Comment cet homme pouvait être aussi prévenant et me traiter de cette façon ensuite… Ma respiration s’accéléra comme si mon corps s’apprêter à se battre contre lui.

- Perdu de ne pas avoir eu ma première fois avec un connard prétentieux ? le provoquais-je d’un air aussi dédaigneux que le sien en me rapprochant de lui.

- Un connard prétentieux riche et célèbre qui a empêché ton viol au passage mais je devrais me taire ou tu risquerais encore de fuir et gâcher un peu plus ma soirée.

- Tu te trompes je ne te fuirais plus, tes remarques ne m’atteignent plus, elles ont autant de crédit que ton humilité et sonnent aussi creuses que ce que tu veux bien dévoiler de ton âme. Tu parais tellement vide. Je tapais du poing à ce dernier mot sur sa cage thoracique, au niveau même où son cœur hypothétique devait battre. Mais tout ceci est une imposture car il est impossible de ne rien ressentir. Rajoutai-je pensive.

Je m’aperçus à cet instant de notre proximité. Il m’avait tellement contrariée que je voulais lui faire mal autant qu’il m’avait fait mal, la colère m’attirant contre lui. Il posa sa main sur la mienne leva mon menton pour capter mon regard.

- Et là que vois-tu ? je plongeai mes yeux dans les siens cherchant la moindre faille.

- Rien. Soufflais-je. Son regard était inexpressif

- Et c’est exactement ce que je veux que tu voies de moi, si tu aperçois autre chose que cela c’est que je joue la comédie. Je suis comme ça et je ne t’ai jamais menti sur mes intentions. Je ne recherche ni l’amour ni l’amitié je ne veux de toi qu’une seule chose et je suis prêt à l’abandonner si cela devient trop dur de l’obtenir. Tu n’es pour moi rien de plus et ce sera toujours ainsi, et si cela te blesse je n’en suis pas désolé parce que je me fous bien de ce que tu peux penser. Mon cœur saigna à ces mots mais je restai de marbre. Il m’avait réduite à néant dans ces propos mais n’aurait pas mes larmes une fois de plus.

- Tu as raison de me renvoyer chez moi. Je ne suis pas une de tes fans que tu peux assouvir à ta guise sous ton masque d’acteur. Tu n’es pas une personne que l’on peut aimer pas même apprécier et ton honnêteté n’y change rien… comment as tu pu croire que je t’aurai laissé me toucher. Me moquais-je sèchement laissant la haine qu’il avait invoqué s’exprimer.

Adam sourit malicieusement en plantant son regard dans le mien avec une assurance hors du commun avant de caresser doucement ma joue de son pouce. Surprise, Je le laissai faire incapable de comprendre ce qu’il avait dans la tête, alors que son geste aurait dû me rebuter, il soulagea quelque peu la douleur dans ma poitrine, je ne pouvais lui résister alors qu’il y a une seconde je le détestais.

- J’aime les défis surtout quand ils paraissent insurmontables. Il descendit lentement sa main en caressant ma nuque du bout de ses doigts avant de l’étreindre et de rapprocher mon visage du sien. Mon cœur se mit à battre plus rapidement, ses cheveux longs encadraient maintenant mon visage. Son arrogance me répugnait mais son charme magnétique m’envoutait tout autant. Je restais immobile alors qu’il m’incitait à réagir.

- Si tu attends que…

Adam frôla tendrement son nez au mien avant d’épouser mes lèvres aux siennes d’une douce caresse, celles-ci s’entremêlant parfaitement l’une à l’autre, puis il s’éloigna alors que j’en désirai plus.
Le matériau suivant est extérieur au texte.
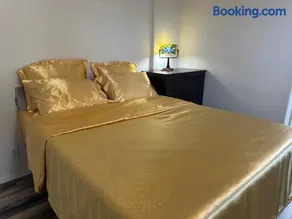 Peaceful Private Room & Bath with AC, Mountain View - Image 2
Mon cœur n’avait jamais battu aussi fort quand lui paraissait n’avoir rien ressentit.

- Tu vois, je fais ce que je veux de toi. Se joua-t-il ravi

Ma main partit et vint claquer sa joue avec force. Comme si mon corps avait réagi bien plus vite que ma pensée.
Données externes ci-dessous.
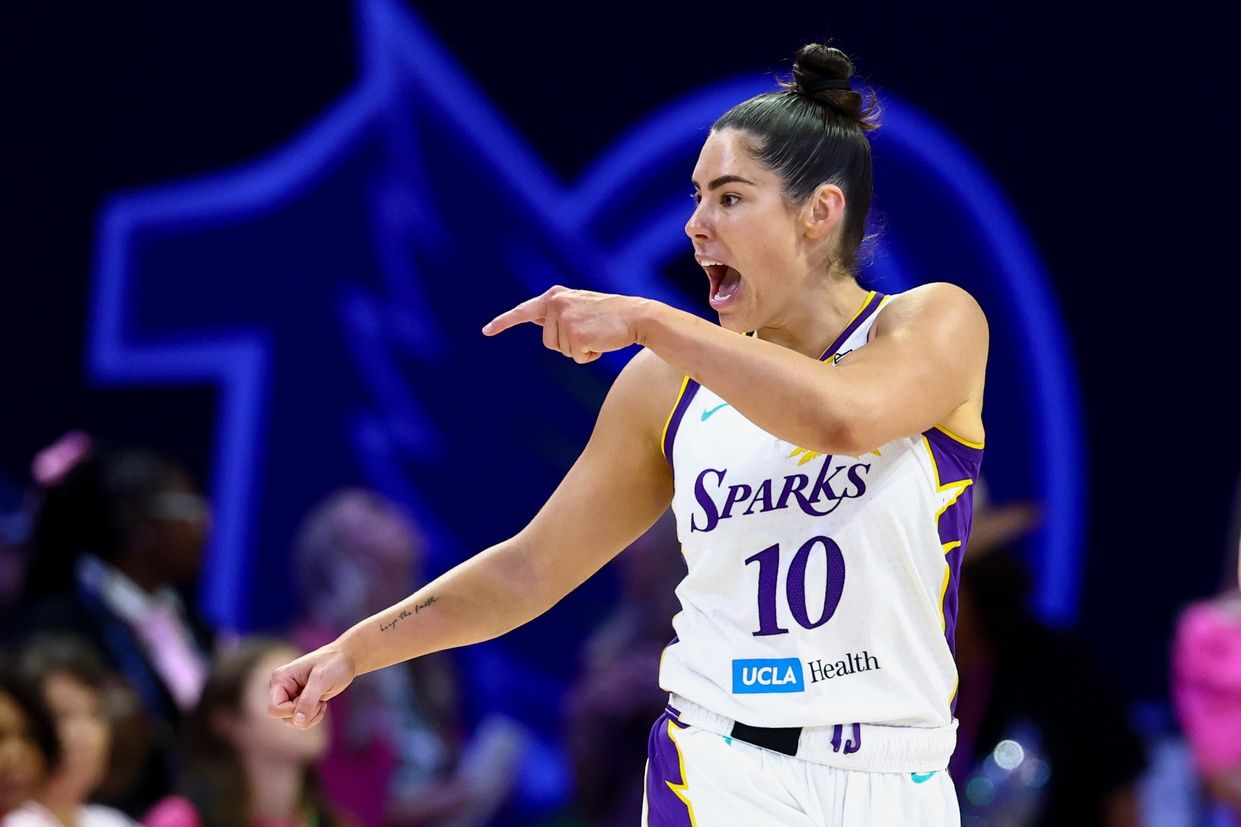 Los Angeles Sparks guard Kelsey Plum (10) reacts against the Dallas Wings during the second half at College Park Center.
- Tu ne t’y attendais pas à celle-là. Vociférais-je en me délectant de la lueur de confusion que j’avais engendré chez lui.
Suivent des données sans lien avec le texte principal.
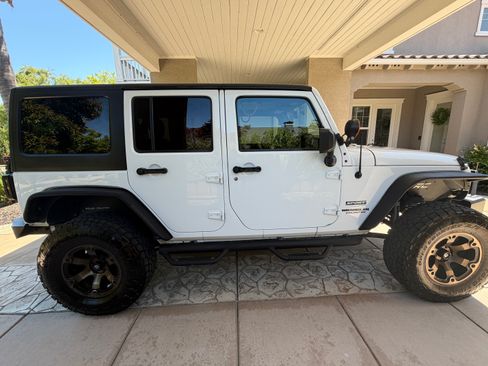 Used 2016 Jeep Wrangler Unlimited Sport w/ Quick Order Package 24S AWD/4WD image 8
Je disparaissais dans la chambre en claquant la porte derrière moi avant de m'appuyer contre.

Alix avait tort, c’est lui qui allait me rendre littéralement folle.

Je devais à mon amour propre de le fuir au plus vite, mais lorsque sa voix retentit à travers la porte…

- Très bien, la partie continue… je souris malgré moi.